Fahri menambahkan bahwa Kementerian Perumahan dan Kawasan Permukiman (PKP) akan lebih fokus pada pembangunan dan renovasi rumah.
Politisi dari Partai Gelora ini mencontohkan strategi untuk mengatasi masalah perumahan dan permukiman di perkotaan dengan membangun rumah susun (rusun) serta merenovasi rumah yang tidak layak huni.
Meskipun tantangan tersebut ada, Fahri menegaskan bahwa pemanfaatan tanah bekas korupsi untuk program 3 juta rumah tidak sepenuhnya gagal. “Cuman, harus diserahkan dulu ke Dirjen Kekayaan Negara, nggak bisa langsung dipakai karena negara kita negara hukum,” tukasnya.
Dia juga menyebutkan bahwa sudah ada data mengenai tanah bekas korupsi yang dikumpulkan oleh Kejaksaan Agung, namun ia enggan memberikan rincian lebih lanjut.
Sebelumnya, Menteri Perumahan dan Kawasan Permukiman, Maruarar Sirait (30/12/2024), menyatakan bahwa pemerintah sedang mengkaji dan menyusun regulasi terkait pemanfaatan tanah bekas korupsi.
“Tanah koruptor yang disita negara akan digunakan untuk perumahan rakyat.
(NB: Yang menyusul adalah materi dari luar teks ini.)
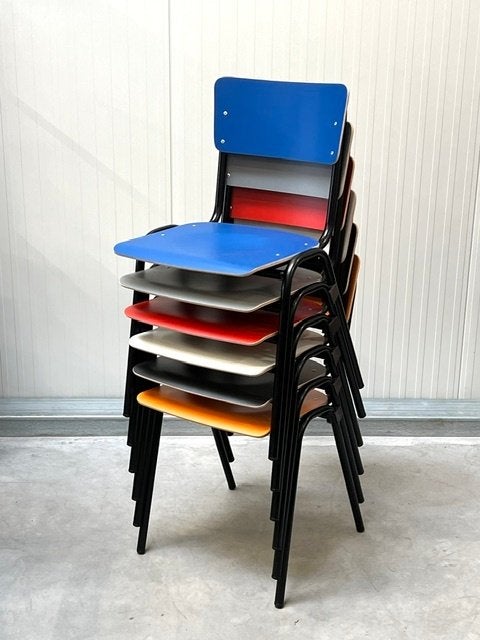 Retro eetkamerstoelen nieuw eethoekstoelen melamine prijs ps, Overige kleuren, ., Nieuw, Ophalen of Verzenden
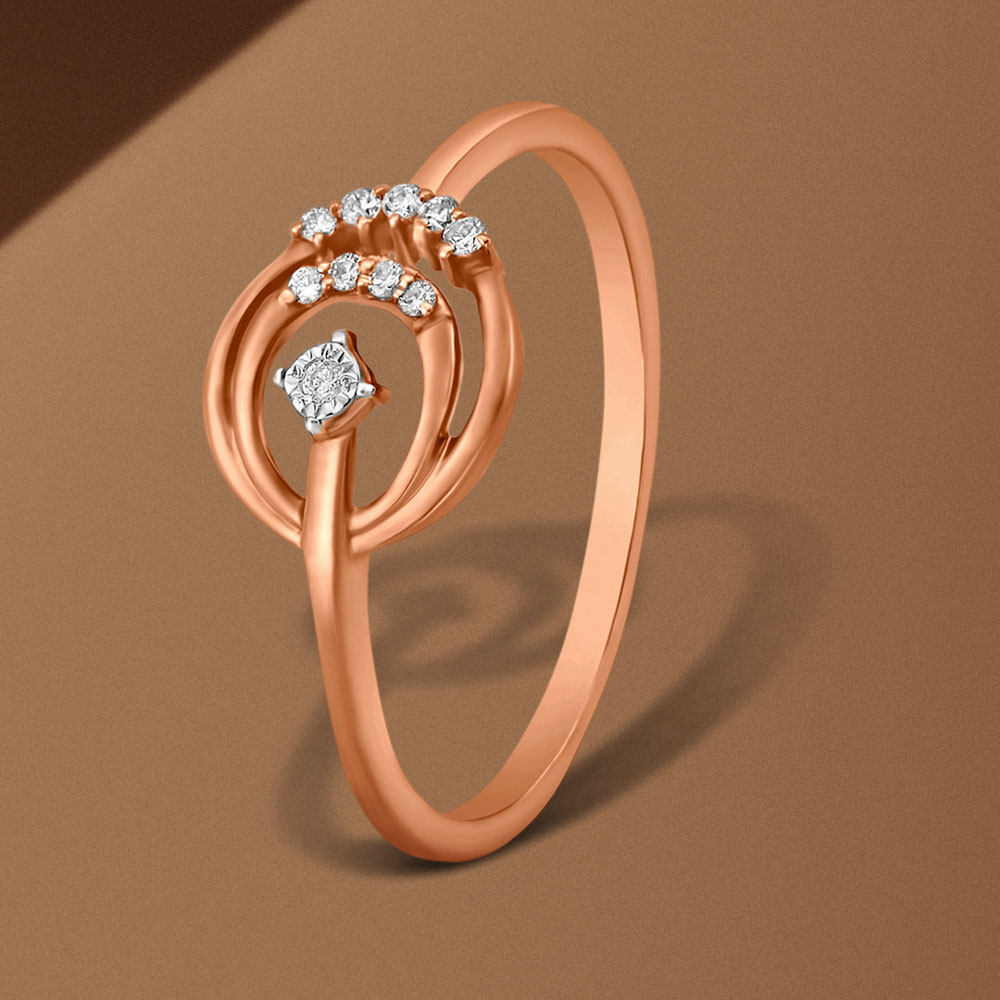 Charming Radial Diamond Ring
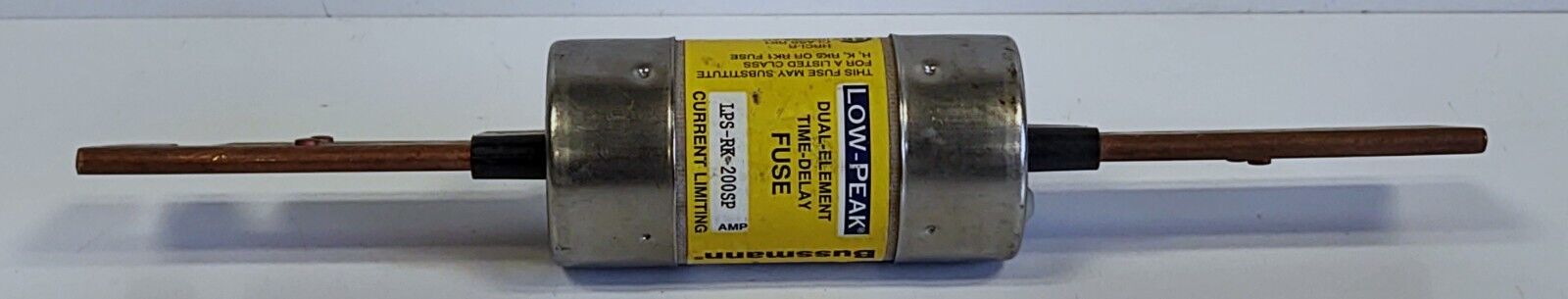 Bussmann LPS-RK-200SP 600VAC/300VDC 200A Current-Limiting Time-Delay Fuse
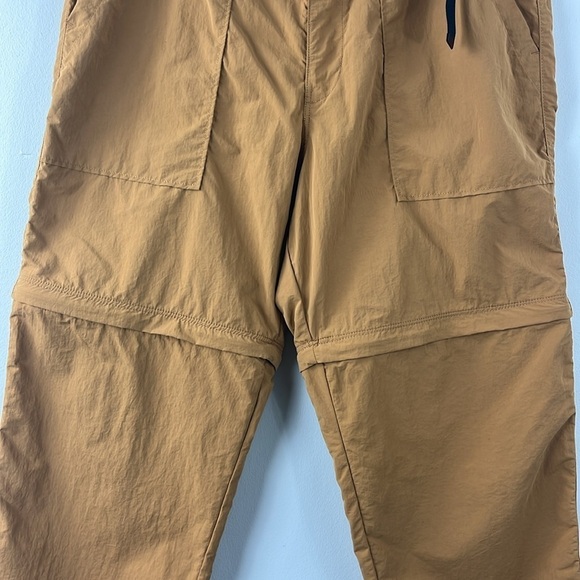 H&M Relaxed Fit Convertible Jogger Pants Brown Mens Size L Utility Gorpcore - Picture 5 of 14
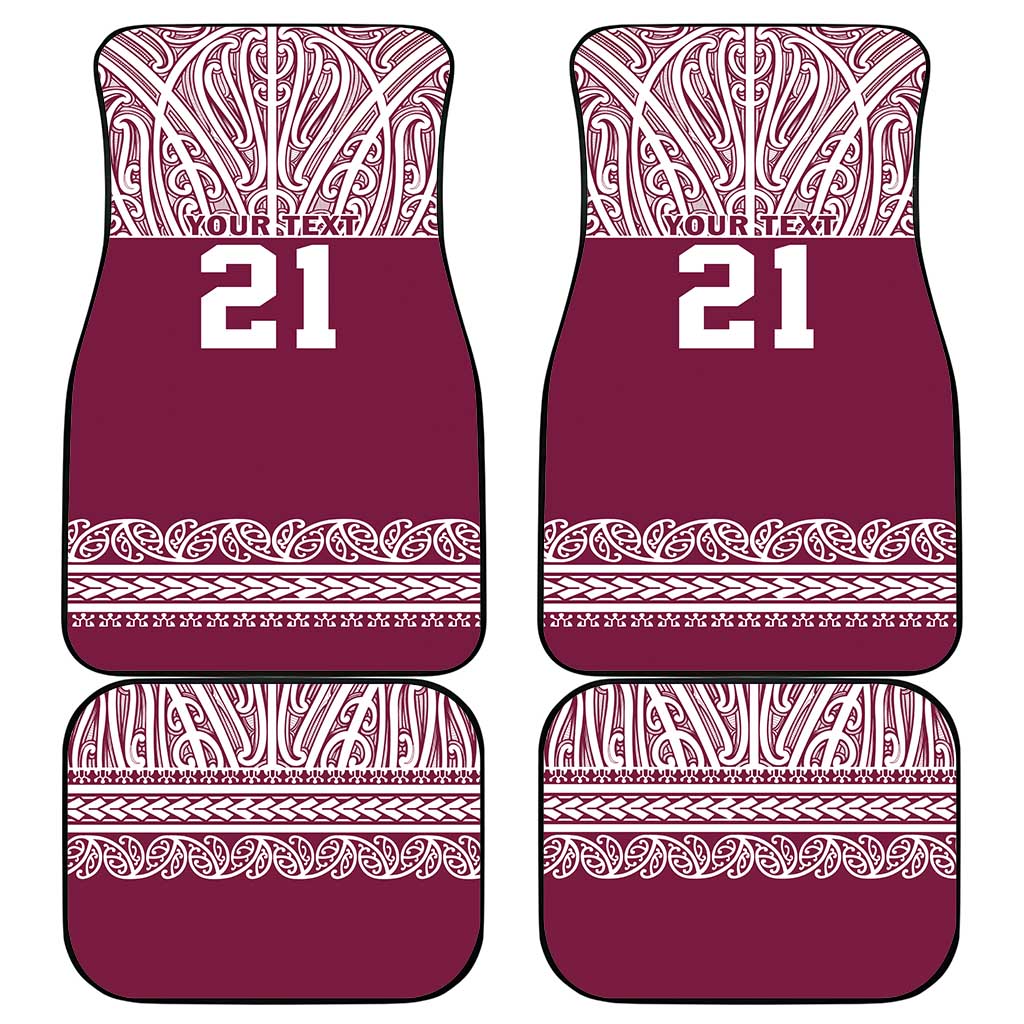 Queensland Maori Nga Hau E Wha Custom Car Mats Polynesian Maori Tribal Pattern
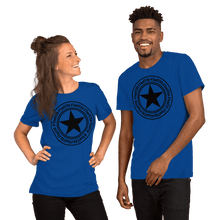 Load image into Gallery viewer, TeeFEVA Unisex TShirt | 8 Point TeeFEVA Black Stamp | Multi Tee Colours (MTC)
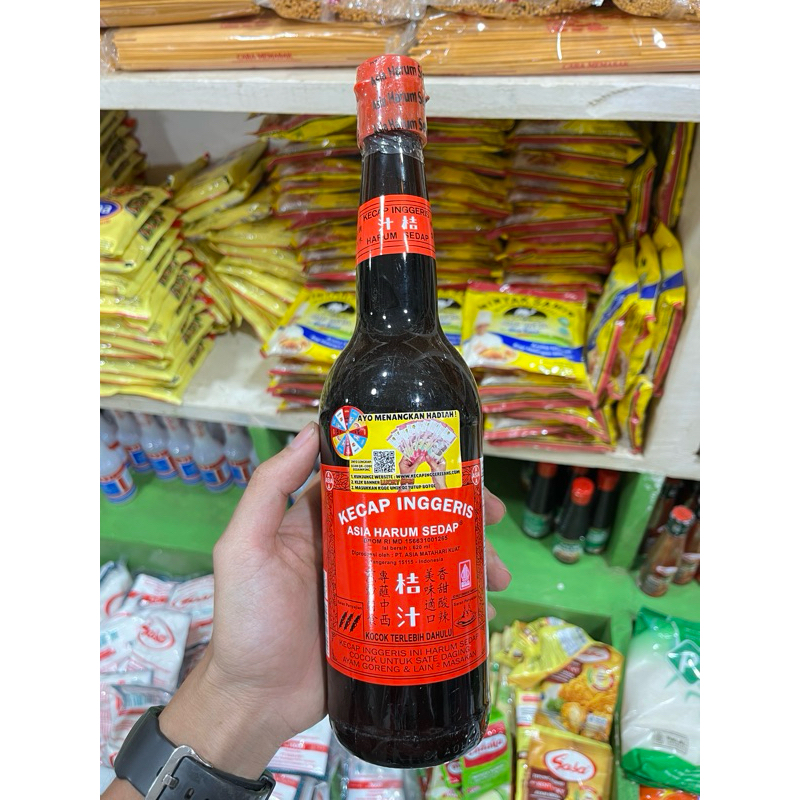 

Kecap Inggeris Asia Harum Sedap Kemasan 620 mL . Produk Halal MUI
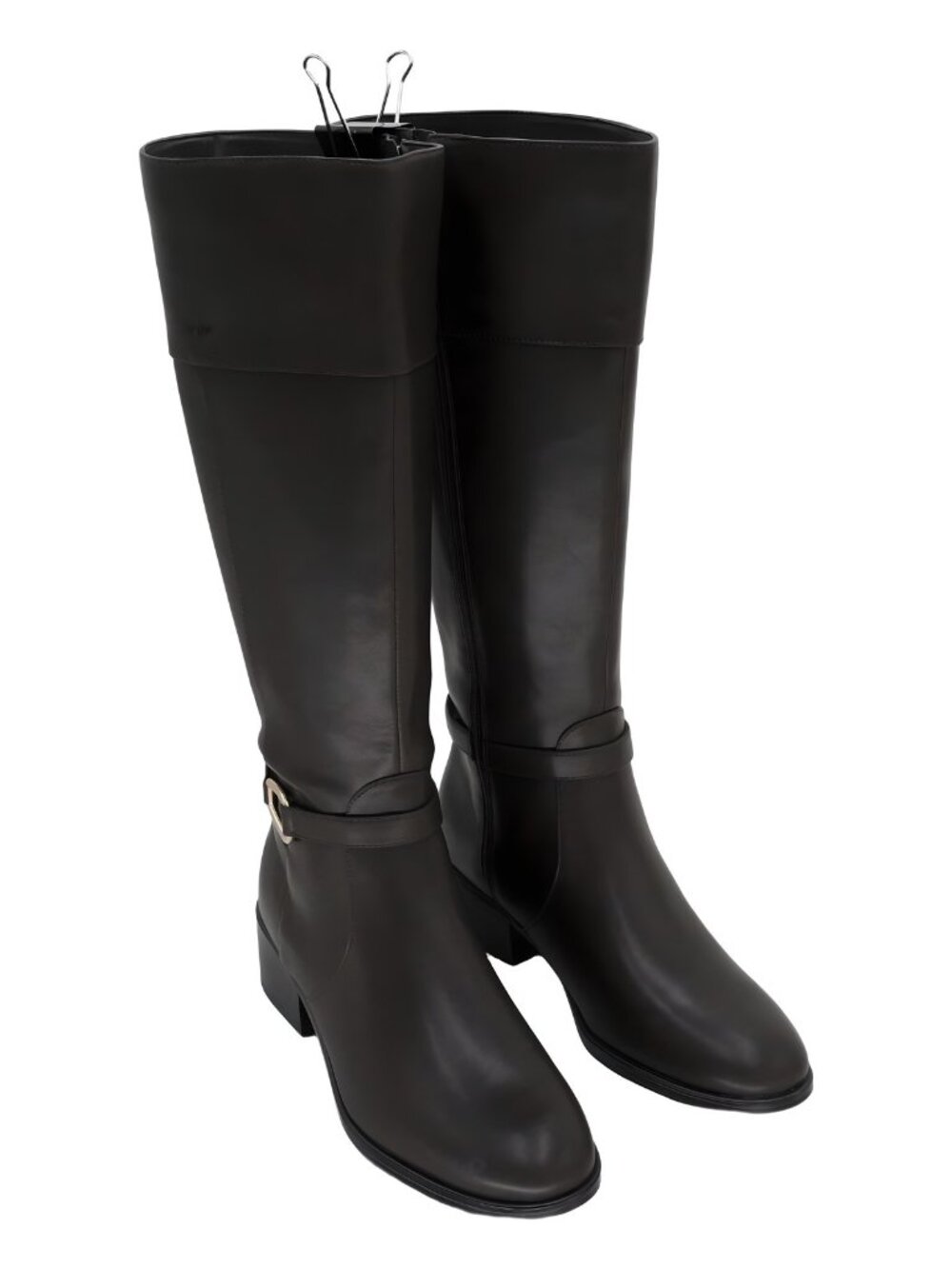 Bandolino Womens Dennie Dark Brown Tall Riding Boots Wide Calf Size 9.5M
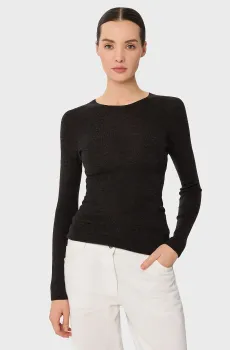 Женский черный шерстяной джемпер Черный 44 MARC&ANDRE W25-00MW2119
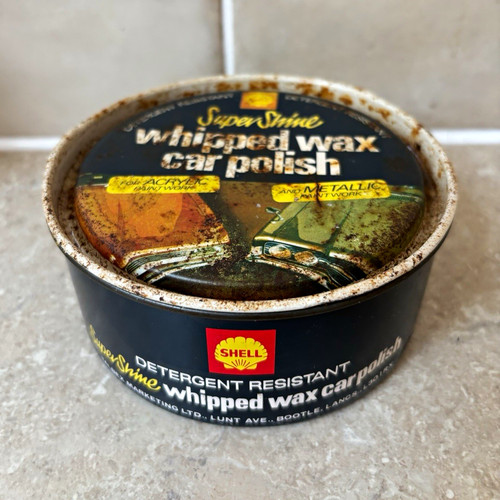 Vintage shell car polish - polish,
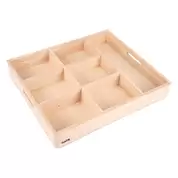 Wooden 7 Way Sorting Tray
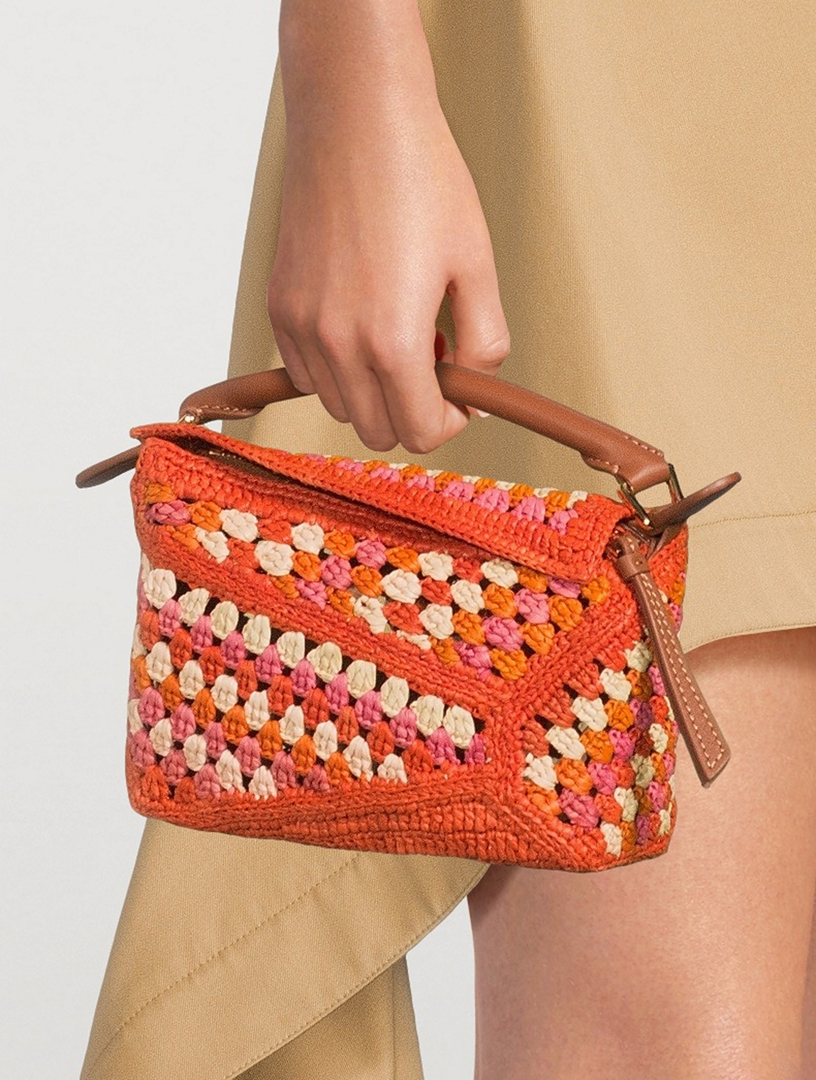LOEWE Loewe x Paula's Ibiza Mini Puzzle Edge Crochet Bag | Holt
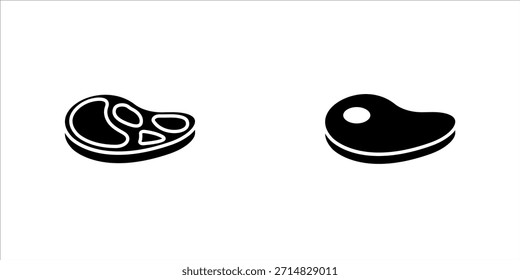 Steak meat icon isolated on white background.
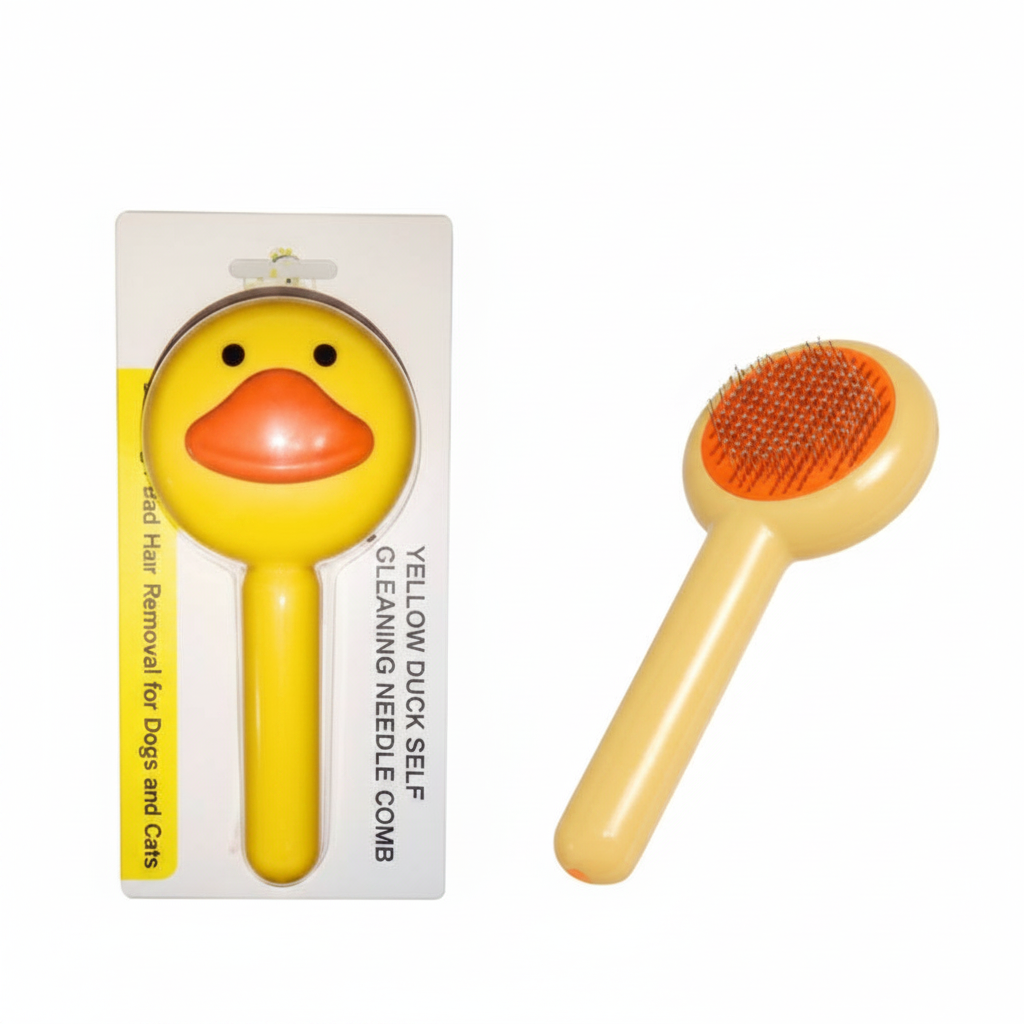 Duck-Shaped Pet Grooming Comb | For Cats & Dogs
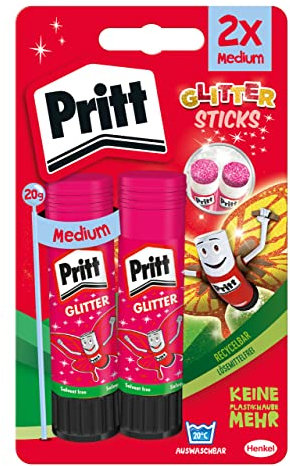 Pritt PPST2 Pinker Klebestick auf Blisterkarte, 2 Stück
Asal sesuai aturan, itu yang akan dilakukan,” ujar Ara, sapaan akrabnya.
Maruarar juga menekankan bahwa ia didukung oleh ekosistem yang baik dalam upaya merealisasikan program perumahan rakyat.
Mantan politisi Partai Demokrasi Indonesia Perjuangan ini menambahkan, Presiden Prabowo Subianto telah meminta agar birokrasi dipangkas, tetapi tetap memperketat aturan.
“Jangan terlalu banyak birokrasi, tapi pegang aturan,” ucapnya.